An anytime snack, ideal for picnics, popular with children. The salted-hand technique outlined here comes from my friend Miki Tanaka, and is the secret to killer onigiri.
This comes from our first cookbook, 101 Easy Asian Recipes, out now.
- 4 C freshly cooked short-grain rice (still hot)
- + sea salt
- + filling (choose one): umeboshi, mayonnaise-y tuna salad, chopped parsley (see below for amounts)
- + one of the following (optional): sesame seeds, 8" x 2" strips toasted nori
Set up your onigiri-building station: Arrange a rice cooker or pot with cooked rice, bowls with salt and filling, and a dish of water within arm’s reach. Have ready a plate or baking sheet on which you will place your formed onigiri. If using sesame seeds, scatter on a plate.
Fluff the rice with a fork. (For parsley onigiri, add 2 tablespoons chopped parsley and a little salt.) Wet your hands in the dish of water and sprinkle them with salt. Scoop about 2/3 cup rice into your hand and make a 1-inch hollow in the center of the rice with your finger. Then:
Place 1 plum into the hollow, then seal the rice over the filling. Roll the rice into a ball, then gently shape and compact it with your salted hands, gradually forming a 1-inchthick triangular shape.
Place 1 tablespoon tuna salad into the hollow, then seal the rice over the filling. Roll the rice into a ball, then gently shape and compact it with your salted hands, gradually forming a 1-inch-thick triangular shape.
Gently shape and compact the parsleyflecked rice with your salted hands, gradually forming a 1-inch-thick triangular shape.
If desired, wrap each onigiri with a strip of toasted nori or roll in sesame seeds to coat.
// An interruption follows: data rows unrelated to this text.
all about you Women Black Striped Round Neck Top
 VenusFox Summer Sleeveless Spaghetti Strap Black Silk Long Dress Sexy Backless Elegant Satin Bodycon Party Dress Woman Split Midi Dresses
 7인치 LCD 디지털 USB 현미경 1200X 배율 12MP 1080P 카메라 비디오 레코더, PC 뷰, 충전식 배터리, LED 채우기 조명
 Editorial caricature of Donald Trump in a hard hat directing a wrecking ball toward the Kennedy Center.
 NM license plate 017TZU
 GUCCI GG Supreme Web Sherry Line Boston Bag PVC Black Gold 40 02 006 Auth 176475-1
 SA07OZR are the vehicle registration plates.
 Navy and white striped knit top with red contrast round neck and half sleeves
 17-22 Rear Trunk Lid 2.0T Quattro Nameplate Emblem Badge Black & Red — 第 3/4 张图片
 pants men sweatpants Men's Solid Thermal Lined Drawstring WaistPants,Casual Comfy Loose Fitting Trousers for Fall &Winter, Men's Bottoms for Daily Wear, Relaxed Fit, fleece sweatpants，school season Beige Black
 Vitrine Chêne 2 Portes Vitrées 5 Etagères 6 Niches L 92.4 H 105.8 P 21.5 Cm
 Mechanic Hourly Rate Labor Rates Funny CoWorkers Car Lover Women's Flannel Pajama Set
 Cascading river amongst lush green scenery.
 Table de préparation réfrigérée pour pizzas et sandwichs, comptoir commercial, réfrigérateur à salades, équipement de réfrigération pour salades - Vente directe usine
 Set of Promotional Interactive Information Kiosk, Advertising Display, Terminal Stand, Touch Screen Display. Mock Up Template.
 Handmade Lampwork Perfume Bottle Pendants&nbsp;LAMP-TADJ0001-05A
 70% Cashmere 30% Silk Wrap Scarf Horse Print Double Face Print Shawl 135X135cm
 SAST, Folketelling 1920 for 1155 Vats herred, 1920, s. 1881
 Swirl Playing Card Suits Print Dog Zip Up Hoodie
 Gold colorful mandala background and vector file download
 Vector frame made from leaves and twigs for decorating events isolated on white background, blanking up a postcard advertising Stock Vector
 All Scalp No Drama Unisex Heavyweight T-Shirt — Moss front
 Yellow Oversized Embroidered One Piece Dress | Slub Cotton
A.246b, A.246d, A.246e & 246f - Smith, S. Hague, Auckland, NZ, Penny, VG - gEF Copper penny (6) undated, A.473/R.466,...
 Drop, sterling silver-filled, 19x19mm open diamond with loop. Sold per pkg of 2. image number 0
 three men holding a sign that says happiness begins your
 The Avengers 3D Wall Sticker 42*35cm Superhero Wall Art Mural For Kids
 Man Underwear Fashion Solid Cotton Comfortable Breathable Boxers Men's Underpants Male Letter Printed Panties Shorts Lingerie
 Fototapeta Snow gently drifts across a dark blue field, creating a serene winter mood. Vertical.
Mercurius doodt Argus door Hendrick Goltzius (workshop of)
Turn these into yaki onigiri. Heat a castiron skillet over medium heat. Add the onigiri to the pan and cook until a light crust forms, about 2 minutes. Flip and brush lightly with soy sauce. Cook until a crust forms on the other side. Flip and brush with soy sauce. Cook until golden brown and crisp, flipping as necessary, until crisp all over, about 5 minutes.